Print the lines in the listing below that fall between the line with "A Conserved SREBP-1/Phosphatidylcholine" and the line with "Foods For Gut", those two lines included, exactly as they stand and with nothing else.

[Records for this exercise Boundary: Start]

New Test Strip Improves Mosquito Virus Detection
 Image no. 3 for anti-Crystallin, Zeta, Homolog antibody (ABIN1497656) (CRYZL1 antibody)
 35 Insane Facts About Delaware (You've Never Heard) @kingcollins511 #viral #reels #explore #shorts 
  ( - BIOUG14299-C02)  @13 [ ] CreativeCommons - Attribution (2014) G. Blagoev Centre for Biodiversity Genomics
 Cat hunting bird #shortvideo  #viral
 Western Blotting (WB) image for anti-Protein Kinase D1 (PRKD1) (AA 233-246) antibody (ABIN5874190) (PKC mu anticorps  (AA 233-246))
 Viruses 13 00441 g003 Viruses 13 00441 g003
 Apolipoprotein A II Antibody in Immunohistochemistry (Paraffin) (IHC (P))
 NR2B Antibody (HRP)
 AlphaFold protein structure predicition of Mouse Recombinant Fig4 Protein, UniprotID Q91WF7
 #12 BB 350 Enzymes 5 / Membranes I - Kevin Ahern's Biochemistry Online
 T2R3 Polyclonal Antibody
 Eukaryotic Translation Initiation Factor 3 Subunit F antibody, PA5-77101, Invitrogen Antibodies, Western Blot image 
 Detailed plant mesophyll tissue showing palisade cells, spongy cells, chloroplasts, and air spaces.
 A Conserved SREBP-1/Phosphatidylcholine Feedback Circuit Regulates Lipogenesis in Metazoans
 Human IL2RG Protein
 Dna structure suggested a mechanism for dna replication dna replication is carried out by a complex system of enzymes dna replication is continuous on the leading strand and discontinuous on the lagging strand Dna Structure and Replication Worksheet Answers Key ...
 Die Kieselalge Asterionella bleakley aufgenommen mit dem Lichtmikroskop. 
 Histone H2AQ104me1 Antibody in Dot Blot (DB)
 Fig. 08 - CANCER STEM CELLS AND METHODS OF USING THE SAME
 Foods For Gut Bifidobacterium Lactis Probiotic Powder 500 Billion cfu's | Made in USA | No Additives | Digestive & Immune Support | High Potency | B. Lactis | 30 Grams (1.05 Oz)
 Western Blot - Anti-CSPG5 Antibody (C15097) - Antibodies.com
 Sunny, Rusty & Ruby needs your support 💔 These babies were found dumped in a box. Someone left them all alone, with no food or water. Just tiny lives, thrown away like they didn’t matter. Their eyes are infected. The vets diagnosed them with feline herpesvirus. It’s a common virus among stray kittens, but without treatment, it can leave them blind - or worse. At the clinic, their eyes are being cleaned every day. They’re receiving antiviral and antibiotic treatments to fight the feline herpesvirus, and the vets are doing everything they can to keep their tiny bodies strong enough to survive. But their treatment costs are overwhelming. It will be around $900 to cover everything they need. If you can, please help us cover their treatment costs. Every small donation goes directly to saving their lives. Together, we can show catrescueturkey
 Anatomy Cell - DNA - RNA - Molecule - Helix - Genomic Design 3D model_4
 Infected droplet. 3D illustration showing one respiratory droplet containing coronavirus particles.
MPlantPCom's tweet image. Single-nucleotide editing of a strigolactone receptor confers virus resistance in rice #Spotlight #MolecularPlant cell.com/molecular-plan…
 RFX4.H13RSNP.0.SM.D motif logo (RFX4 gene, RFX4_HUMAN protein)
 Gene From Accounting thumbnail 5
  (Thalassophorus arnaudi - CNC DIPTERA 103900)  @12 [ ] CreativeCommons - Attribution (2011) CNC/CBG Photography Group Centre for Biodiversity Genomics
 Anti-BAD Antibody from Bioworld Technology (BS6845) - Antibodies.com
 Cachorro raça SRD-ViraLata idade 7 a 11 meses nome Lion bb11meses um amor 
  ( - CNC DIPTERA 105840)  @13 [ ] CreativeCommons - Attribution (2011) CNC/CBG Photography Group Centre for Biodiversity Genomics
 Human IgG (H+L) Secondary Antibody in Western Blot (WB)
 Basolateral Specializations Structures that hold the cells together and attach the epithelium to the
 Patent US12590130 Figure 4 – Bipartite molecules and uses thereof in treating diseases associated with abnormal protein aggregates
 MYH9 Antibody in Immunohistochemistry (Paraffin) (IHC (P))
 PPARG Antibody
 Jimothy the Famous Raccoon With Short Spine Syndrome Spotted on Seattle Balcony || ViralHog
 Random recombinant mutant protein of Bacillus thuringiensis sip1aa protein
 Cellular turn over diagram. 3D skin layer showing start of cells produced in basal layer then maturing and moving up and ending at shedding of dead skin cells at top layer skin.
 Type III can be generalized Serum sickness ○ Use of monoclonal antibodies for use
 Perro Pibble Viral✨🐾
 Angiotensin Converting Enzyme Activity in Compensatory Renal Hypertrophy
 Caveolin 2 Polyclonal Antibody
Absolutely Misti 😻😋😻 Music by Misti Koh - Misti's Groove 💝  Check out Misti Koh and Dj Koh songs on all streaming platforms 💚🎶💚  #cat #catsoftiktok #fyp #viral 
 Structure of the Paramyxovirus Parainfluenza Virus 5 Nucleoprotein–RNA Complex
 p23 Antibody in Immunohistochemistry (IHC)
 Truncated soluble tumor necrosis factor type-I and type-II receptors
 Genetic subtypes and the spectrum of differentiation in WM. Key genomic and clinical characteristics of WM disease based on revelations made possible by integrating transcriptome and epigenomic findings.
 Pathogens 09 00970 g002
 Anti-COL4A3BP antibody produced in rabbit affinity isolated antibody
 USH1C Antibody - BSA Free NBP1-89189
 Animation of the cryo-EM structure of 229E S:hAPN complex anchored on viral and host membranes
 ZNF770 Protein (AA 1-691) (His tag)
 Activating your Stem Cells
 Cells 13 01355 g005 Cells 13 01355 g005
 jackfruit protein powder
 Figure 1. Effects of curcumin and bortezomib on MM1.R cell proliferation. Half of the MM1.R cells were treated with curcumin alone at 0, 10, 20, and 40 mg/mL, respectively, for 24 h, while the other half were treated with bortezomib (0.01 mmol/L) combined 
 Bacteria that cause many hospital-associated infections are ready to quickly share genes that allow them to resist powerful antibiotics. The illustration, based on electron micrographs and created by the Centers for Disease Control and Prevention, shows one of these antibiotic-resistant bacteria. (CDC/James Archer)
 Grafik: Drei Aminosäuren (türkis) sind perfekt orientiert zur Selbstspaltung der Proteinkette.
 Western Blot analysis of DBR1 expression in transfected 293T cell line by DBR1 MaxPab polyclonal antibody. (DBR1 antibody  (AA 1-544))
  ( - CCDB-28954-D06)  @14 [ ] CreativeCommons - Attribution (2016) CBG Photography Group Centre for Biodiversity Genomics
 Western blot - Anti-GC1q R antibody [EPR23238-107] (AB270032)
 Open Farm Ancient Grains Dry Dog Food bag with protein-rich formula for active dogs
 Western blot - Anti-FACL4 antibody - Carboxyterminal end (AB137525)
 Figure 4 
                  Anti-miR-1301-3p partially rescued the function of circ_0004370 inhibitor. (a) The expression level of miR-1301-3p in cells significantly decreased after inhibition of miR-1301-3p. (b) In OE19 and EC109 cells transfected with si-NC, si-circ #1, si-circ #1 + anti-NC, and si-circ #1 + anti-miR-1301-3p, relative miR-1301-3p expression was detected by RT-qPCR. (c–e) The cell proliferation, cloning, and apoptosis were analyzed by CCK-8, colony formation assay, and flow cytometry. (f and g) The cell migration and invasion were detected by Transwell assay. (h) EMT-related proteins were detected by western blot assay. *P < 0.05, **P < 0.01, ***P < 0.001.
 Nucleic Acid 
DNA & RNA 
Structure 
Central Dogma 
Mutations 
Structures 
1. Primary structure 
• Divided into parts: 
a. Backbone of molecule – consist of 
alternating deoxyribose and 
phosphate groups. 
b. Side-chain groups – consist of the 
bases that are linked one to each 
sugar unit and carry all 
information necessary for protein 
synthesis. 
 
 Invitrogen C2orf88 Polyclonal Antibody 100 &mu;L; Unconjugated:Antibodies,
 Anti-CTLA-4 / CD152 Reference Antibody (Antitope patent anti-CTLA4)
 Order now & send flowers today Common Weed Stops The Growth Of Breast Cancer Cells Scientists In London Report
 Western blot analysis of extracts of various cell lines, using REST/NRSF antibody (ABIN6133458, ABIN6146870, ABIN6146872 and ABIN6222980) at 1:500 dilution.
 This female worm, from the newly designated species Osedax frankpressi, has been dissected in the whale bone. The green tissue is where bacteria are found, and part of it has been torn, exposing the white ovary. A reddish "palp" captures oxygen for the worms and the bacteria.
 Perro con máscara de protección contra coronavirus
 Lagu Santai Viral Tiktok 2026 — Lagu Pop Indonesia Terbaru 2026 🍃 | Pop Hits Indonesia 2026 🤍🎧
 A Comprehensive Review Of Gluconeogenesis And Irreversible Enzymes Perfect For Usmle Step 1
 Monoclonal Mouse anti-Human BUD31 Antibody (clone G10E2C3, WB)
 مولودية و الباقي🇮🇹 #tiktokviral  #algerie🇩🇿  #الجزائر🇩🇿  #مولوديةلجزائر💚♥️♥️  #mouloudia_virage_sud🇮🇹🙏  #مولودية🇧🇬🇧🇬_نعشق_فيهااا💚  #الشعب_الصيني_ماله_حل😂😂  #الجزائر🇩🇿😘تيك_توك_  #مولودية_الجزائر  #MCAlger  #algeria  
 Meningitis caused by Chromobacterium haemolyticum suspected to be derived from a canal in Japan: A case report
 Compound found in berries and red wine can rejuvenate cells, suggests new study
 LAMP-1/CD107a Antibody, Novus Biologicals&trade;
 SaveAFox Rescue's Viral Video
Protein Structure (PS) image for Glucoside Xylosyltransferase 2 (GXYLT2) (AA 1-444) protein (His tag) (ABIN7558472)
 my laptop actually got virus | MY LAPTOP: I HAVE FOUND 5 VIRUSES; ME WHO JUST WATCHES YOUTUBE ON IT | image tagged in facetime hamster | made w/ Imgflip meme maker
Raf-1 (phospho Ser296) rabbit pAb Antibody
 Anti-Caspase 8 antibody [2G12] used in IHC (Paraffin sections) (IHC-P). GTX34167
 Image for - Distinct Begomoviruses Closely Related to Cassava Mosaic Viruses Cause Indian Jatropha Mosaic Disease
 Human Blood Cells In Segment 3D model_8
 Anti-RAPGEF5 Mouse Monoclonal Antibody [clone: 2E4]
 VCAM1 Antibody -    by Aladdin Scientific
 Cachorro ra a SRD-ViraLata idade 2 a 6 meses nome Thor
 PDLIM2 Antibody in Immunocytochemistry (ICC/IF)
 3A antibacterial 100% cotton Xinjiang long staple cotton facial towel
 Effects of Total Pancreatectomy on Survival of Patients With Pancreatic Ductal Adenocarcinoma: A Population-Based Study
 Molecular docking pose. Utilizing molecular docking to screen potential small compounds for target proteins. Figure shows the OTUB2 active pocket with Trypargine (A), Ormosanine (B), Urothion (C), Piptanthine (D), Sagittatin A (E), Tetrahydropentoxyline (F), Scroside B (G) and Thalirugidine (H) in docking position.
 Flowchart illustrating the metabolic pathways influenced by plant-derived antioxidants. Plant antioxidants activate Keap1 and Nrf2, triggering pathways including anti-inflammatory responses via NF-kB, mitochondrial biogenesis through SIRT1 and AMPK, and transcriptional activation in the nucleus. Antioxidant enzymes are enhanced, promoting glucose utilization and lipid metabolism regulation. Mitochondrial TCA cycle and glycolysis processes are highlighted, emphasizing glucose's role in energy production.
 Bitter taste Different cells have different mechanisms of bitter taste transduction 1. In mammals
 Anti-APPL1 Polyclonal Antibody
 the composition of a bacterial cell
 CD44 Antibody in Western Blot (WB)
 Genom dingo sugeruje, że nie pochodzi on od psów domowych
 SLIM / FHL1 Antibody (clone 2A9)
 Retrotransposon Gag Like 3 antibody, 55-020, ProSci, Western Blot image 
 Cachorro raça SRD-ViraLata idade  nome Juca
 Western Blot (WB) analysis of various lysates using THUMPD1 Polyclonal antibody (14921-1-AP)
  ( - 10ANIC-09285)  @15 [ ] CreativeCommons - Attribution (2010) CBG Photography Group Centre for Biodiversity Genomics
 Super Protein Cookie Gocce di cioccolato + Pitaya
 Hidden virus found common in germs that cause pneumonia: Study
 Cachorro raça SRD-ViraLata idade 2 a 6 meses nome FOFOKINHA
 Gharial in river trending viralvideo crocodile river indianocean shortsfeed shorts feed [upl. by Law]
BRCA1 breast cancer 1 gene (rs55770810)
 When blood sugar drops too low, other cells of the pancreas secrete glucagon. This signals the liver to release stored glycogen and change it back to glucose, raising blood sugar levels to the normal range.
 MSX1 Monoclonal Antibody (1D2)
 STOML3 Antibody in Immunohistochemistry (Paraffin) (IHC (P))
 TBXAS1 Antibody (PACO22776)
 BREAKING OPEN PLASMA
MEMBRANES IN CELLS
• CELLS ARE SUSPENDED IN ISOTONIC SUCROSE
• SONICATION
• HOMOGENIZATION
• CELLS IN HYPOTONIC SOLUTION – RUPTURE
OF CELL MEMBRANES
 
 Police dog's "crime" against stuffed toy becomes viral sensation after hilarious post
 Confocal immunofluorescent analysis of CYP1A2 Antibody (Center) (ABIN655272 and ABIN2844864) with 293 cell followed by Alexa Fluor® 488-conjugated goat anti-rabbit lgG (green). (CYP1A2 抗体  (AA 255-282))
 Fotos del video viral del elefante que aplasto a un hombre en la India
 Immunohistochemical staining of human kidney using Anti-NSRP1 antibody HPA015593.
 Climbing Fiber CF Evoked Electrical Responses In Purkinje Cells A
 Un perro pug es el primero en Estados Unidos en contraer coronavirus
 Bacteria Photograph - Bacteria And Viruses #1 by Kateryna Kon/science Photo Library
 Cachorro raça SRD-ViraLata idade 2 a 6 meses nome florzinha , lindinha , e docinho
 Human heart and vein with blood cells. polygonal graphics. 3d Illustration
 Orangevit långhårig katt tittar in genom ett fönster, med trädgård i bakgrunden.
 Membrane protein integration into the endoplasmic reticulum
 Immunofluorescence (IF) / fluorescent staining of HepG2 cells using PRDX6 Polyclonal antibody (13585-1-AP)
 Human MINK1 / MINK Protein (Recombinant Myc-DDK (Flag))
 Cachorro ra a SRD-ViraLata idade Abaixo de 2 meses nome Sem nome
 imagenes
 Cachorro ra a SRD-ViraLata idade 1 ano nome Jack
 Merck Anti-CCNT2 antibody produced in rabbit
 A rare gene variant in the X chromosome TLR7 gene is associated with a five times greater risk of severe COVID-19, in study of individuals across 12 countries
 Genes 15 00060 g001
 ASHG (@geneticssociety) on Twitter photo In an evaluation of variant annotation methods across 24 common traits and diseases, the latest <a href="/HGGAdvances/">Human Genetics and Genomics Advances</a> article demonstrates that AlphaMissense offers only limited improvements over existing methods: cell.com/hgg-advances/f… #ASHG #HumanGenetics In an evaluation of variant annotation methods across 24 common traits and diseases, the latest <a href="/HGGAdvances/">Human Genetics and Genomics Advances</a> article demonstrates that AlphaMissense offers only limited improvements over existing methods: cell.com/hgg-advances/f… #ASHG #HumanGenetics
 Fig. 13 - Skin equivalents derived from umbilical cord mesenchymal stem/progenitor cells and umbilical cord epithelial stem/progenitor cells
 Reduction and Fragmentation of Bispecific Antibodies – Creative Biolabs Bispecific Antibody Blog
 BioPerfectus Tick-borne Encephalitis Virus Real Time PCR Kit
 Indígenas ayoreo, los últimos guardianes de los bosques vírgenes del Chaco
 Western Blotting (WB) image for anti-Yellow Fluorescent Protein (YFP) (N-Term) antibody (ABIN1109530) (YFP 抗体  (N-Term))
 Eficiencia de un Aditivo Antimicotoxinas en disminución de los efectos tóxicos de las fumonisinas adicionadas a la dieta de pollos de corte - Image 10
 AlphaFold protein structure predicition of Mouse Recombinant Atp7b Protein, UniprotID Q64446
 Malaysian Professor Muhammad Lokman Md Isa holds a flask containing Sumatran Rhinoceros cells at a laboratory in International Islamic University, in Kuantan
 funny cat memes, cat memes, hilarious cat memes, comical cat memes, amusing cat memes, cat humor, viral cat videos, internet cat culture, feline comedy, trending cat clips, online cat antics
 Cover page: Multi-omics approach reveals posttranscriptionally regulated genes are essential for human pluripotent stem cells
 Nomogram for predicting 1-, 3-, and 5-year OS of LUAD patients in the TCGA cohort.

[Records for this exercise Boundary: End]

■ Your solution:
 A Conserved SREBP-1/Phosphatidylcholine Feedback Circuit Regulates Lipogenesis in Metazoans
 Human IL2RG Protein
 Dna structure suggested a mechanism for dna replication dna replication is carried out by a complex system of enzymes dna replication is continuous on the leading strand and discontinuous on the lagging strand Dna Structure and Replication Worksheet Answers Key ...
 Die Kieselalge Asterionella bleakley aufgenommen mit dem Lichtmikroskop. 
 Histone H2AQ104me1 Antibody in Dot Blot (DB)
 Fig. 08 - CANCER STEM CELLS AND METHODS OF USING THE SAME
 Foods For Gut Bifidobacterium Lactis Probiotic Powder 500 Billion cfu's | Made in USA | No Additives | Digestive & Immune Support | High Potency | B. Lactis | 30 Grams (1.05 Oz)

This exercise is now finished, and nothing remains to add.